Build Your Own Bat Cave With Secret Room Camouflage w/Video

From rotating bookshelves installed in an hour to more elaborate escape slides, homeowners are taking advantage of high-tech opportunities to hide doors leading to private spaces.





If you’re in the market for a Batcave—or just a place to hide your stamp collection—then Steve Humble of Creative Home Engineering should be your next call. The mechanical engineer turned secret-passageway builder started his Phoenix-based company when he couldn’t find anyone to build a hidden room for his home. “I thought that there would be a lot of people who would want a secret passageway in their house,” he says. “So I took a gamble, quit my job and started making them.” 

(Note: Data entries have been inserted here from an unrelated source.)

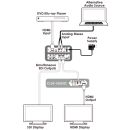 HDMI to 3G SDI Dual-Output Converter - Cypress CLUX-H2SDI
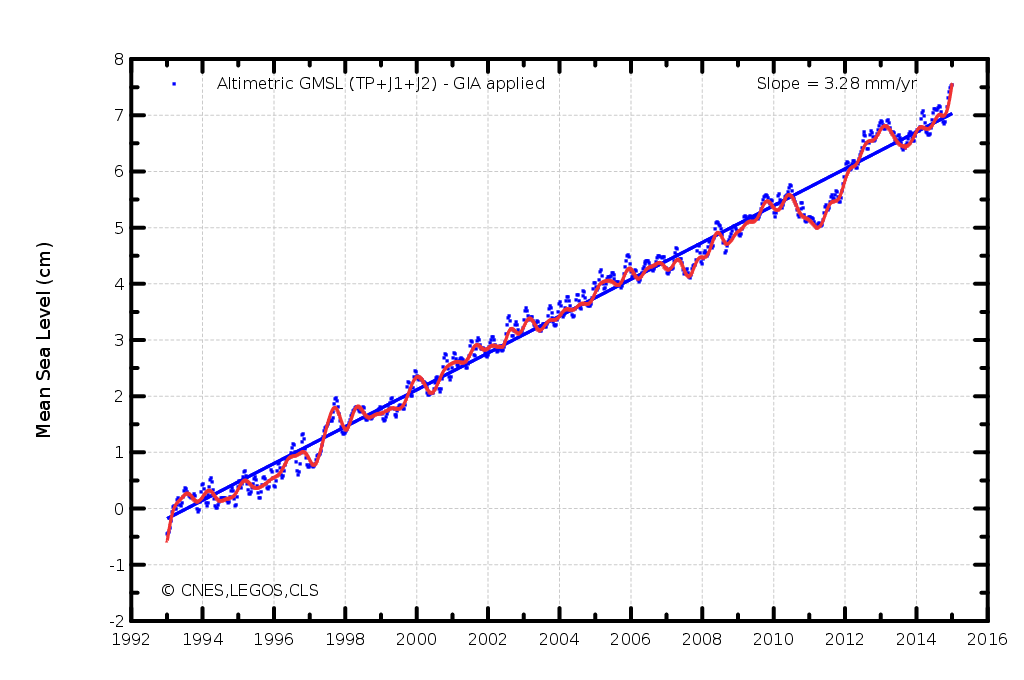 Sea Level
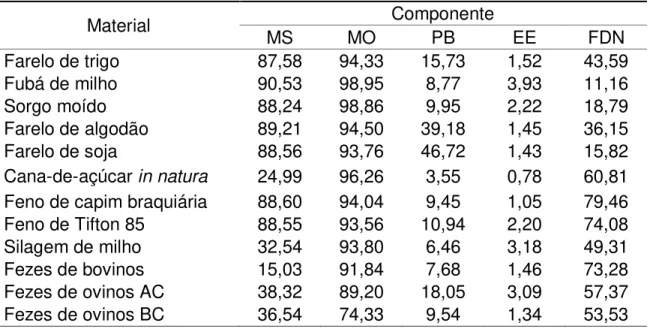 Tabela 2  –  Composição  química  dos  materiais  utilizados  no  ensaio  experimental  Material  Componente  MS  MO  PB  EE  FDN  Farelo de trigo  87,58  94,33  15,73  1,52  43,59  Fubá de milho  90,53  98,95  8,77  3,93  11,16  Sorgo moído  88,24  98,86 
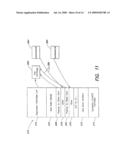 SCALABLE DE-DUPLICATION MECHANISM diagram and image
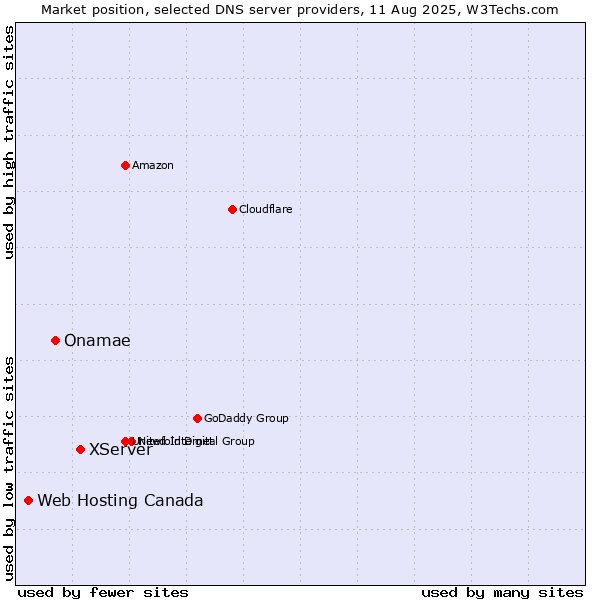 Market position of XServer vs. Onamae vs. Web Hosting Canada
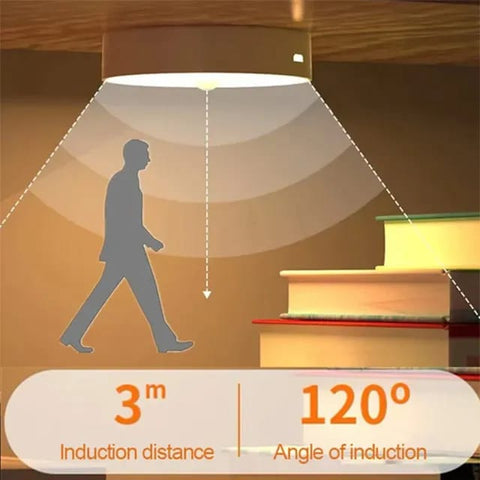 A-S Rechargeable Self Adhesive Auto On/Off Sensor LED Round Light – Motion Sensor Stick-On Night Light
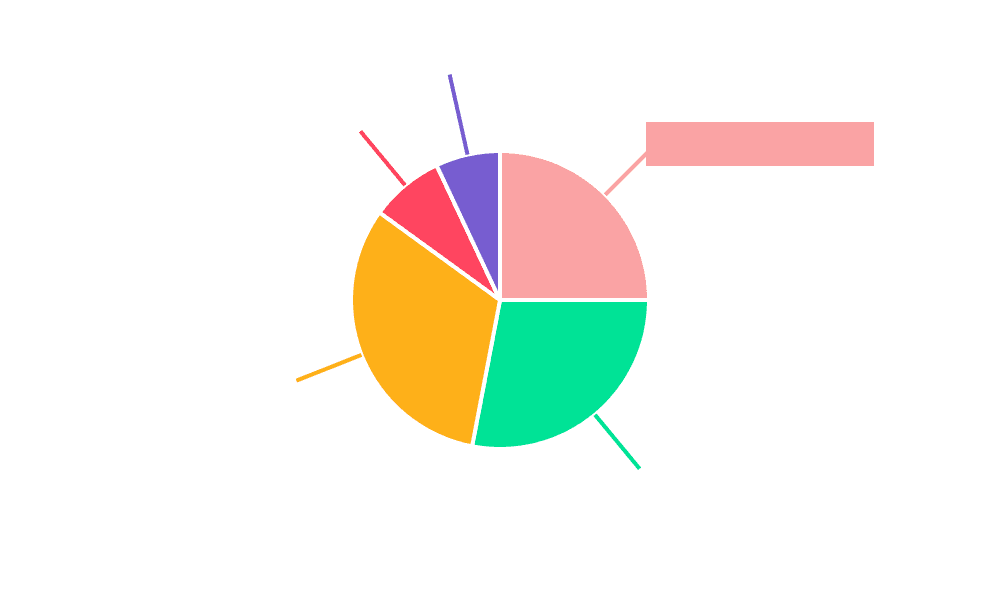 Razor Stainless Steel Blade Market Share by Region - Global Geographic Distribution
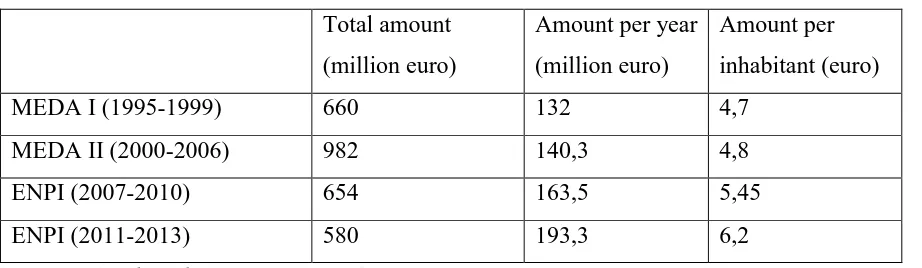 Table 4.1 Financial assistance EU-Morocco (1995-2013) 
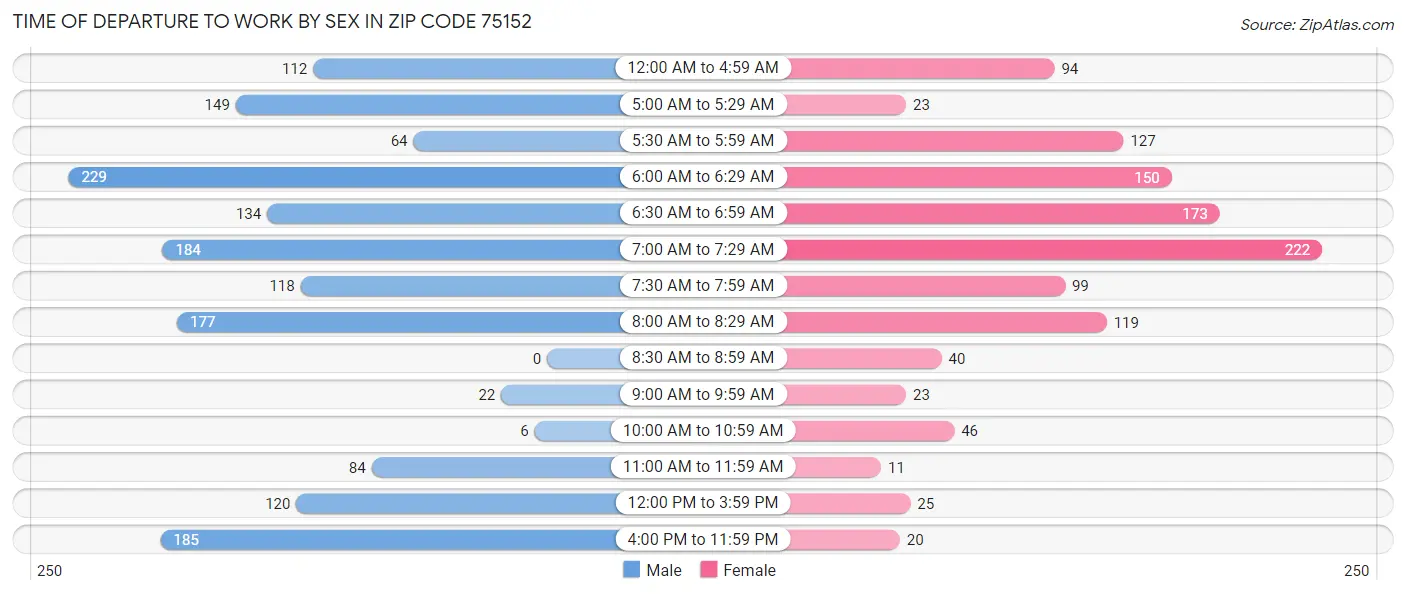 Time of Departure to Work by Sex in Zip Code 75152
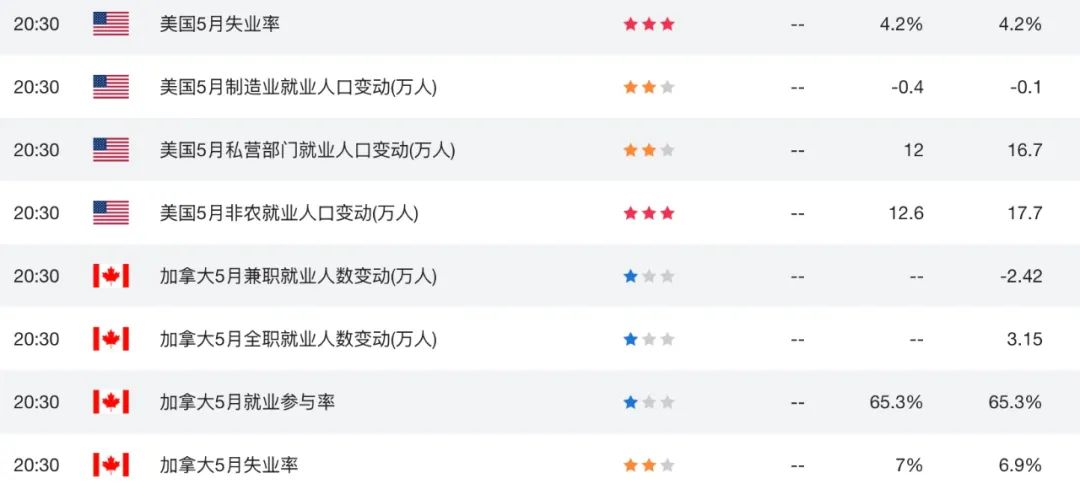 加拿大出口美国产品比例_加拿大出口美国_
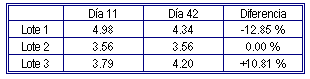 Pronutrientes con efecto hepatoprotector - Image 9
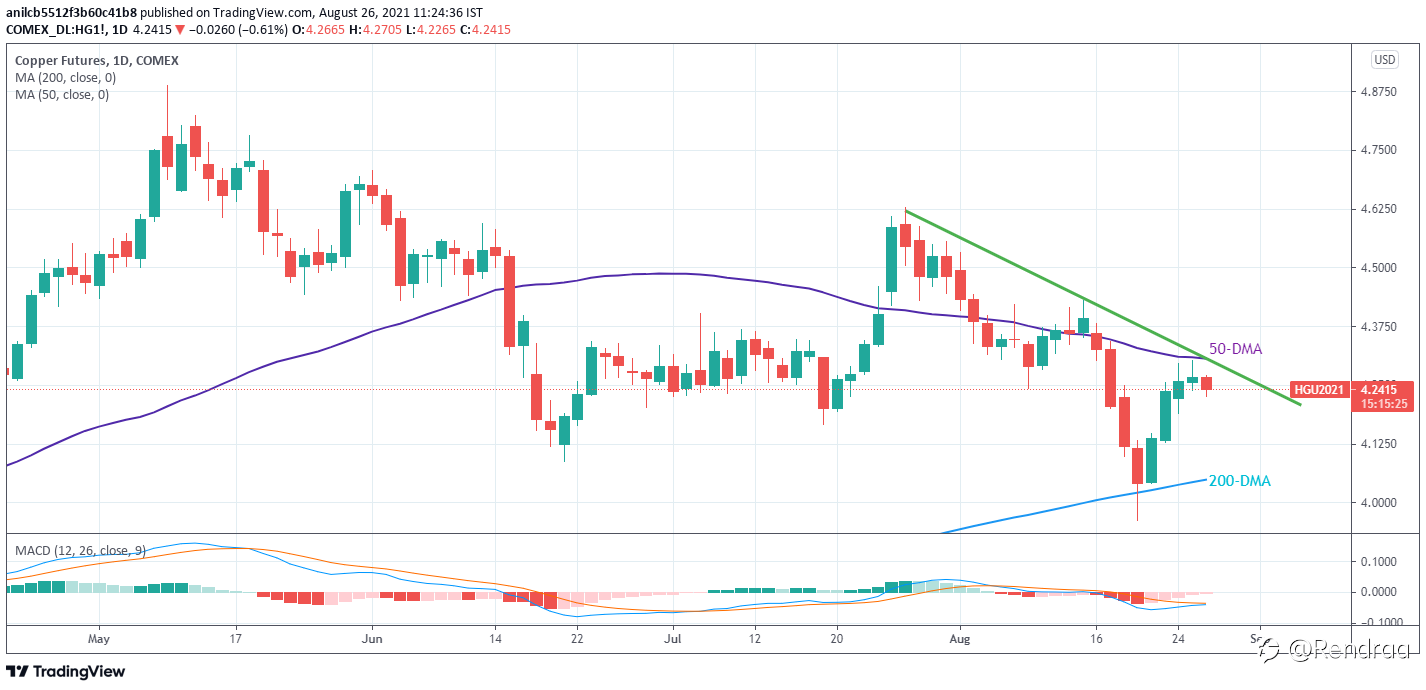 Analisis Harga Tembaga: Menghentikan Reli Empat Hari Di Bawah Rintangan $4,3055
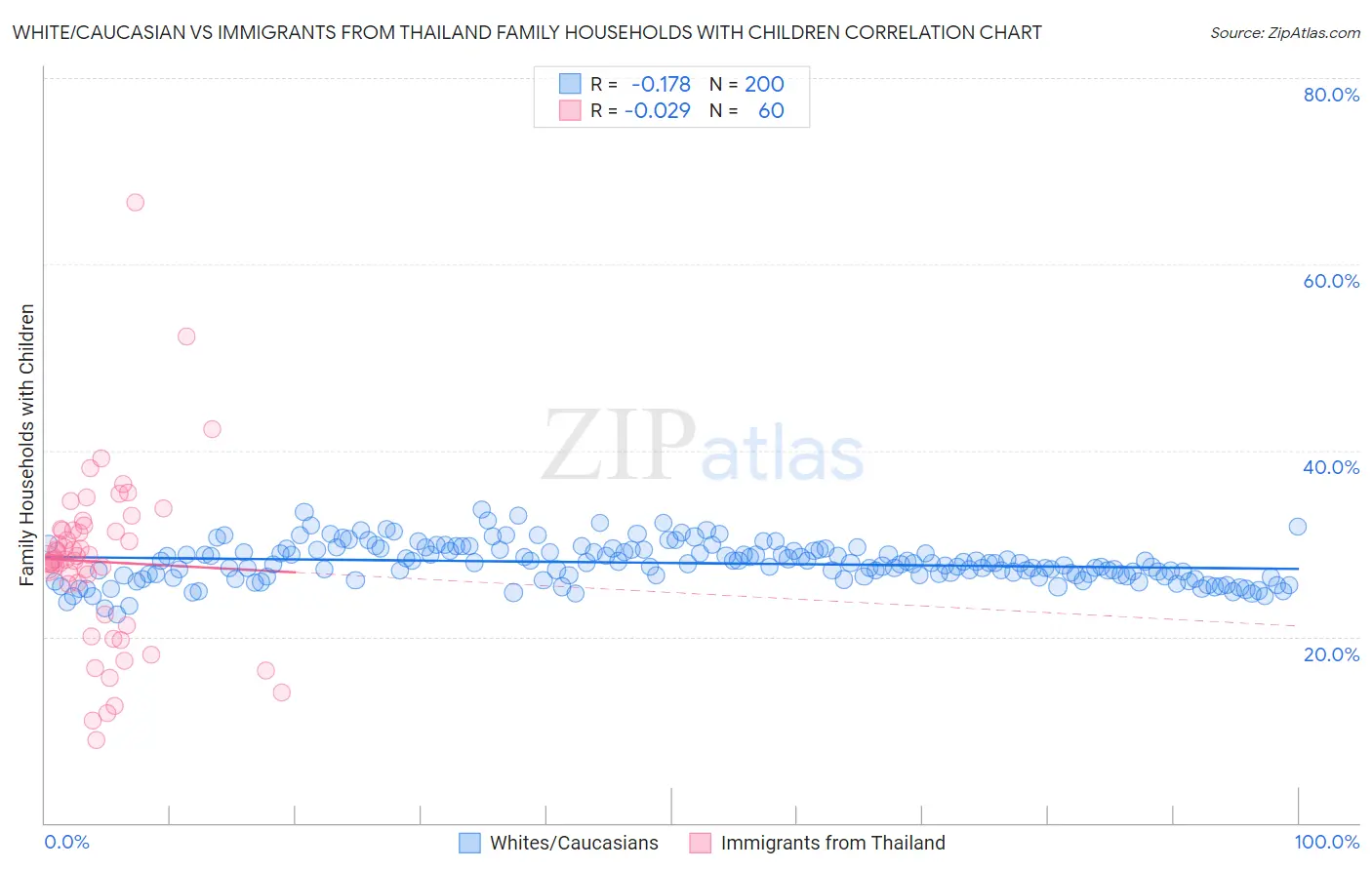 White/Caucasian vs Immigrants from Thailand Family Households with Children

Six years later, Humble is hiding existing rooms for an international roster of clients. “I just finished seven doors in a $50 million house for a Hollywood celebrity,” Humble says. “A bunch of the doors were bulletproof.”

Most of his clients hide a room with a single-width bookcase that they can install themselves in under an hour. Others opt for more elaborate packages, ranging from escape slides tucked beneath the seats of chairs to a series of hidden doors, that Humble installs in person. Door-opening mechanisms can be almost anything—a chess set, a Lysol can or a flip-up Shakespeare bust equipped with a fingerprint reader. Home­owners typically spend about $10,000 on the secret-room setup, but Creative Home Engineering offers rotating fireplaces that cost about $35,000.

Humble has no desire to know what motivates his company’s secretive clients. “I don’t even know where a lot of the doors go,” he says. “I just ask the size of the doorway—I don’t need to know what they’re hiding.”